*** Block opens ***

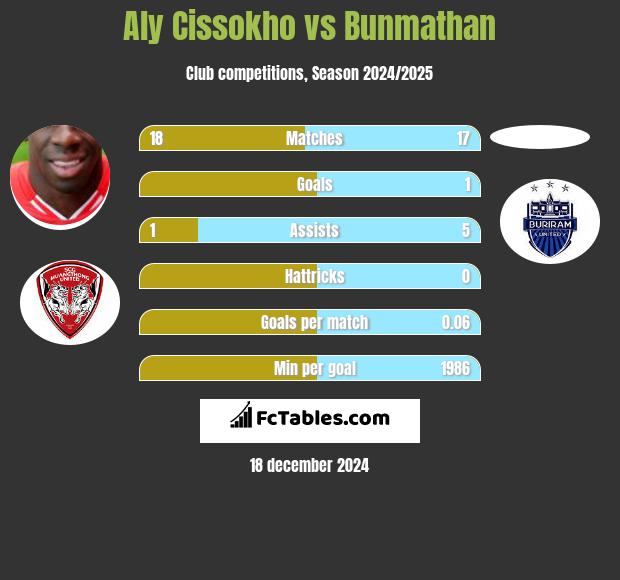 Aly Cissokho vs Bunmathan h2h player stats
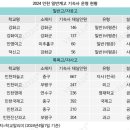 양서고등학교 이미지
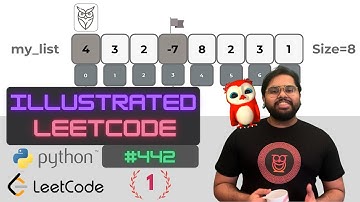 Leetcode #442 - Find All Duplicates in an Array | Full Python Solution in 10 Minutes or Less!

*** Block closes ***
*** Block opens ***

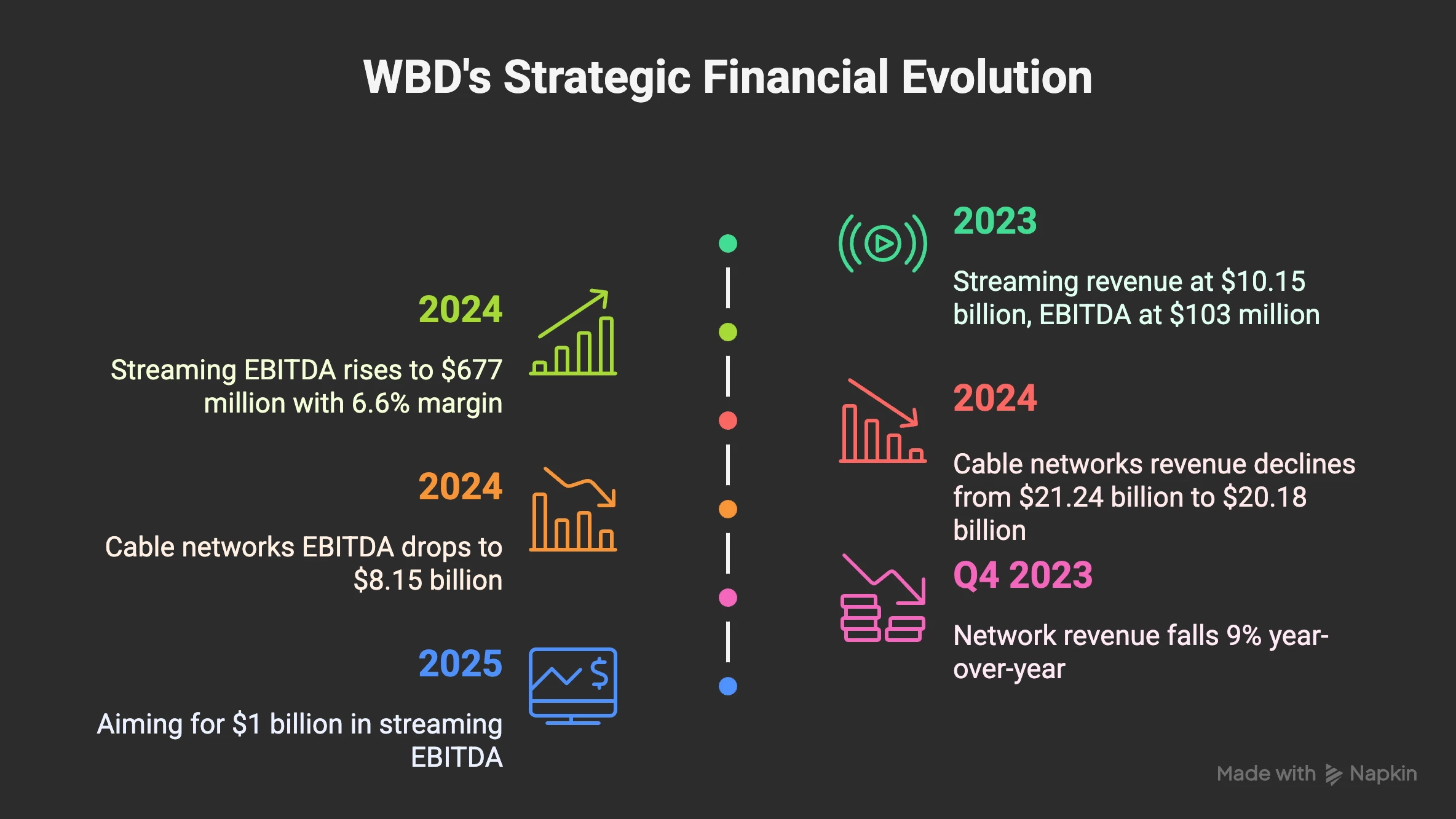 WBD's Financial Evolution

*** Block closes ***

[About this task]: With the pictures removed from your copy, retype the lines above from the one that contains "Aly Cissokho vs Bunmathan h2h player stats" through the one that contains "Leetcode #442 - Find", exactly.

[Answer box]:
 Aly Cissokho vs Bunmathan h2h player stats
 양서고등학교 이미지
 Leetcode #442 - Find All Duplicates in an Array | Full Python Solution in 10 Minutes or Less!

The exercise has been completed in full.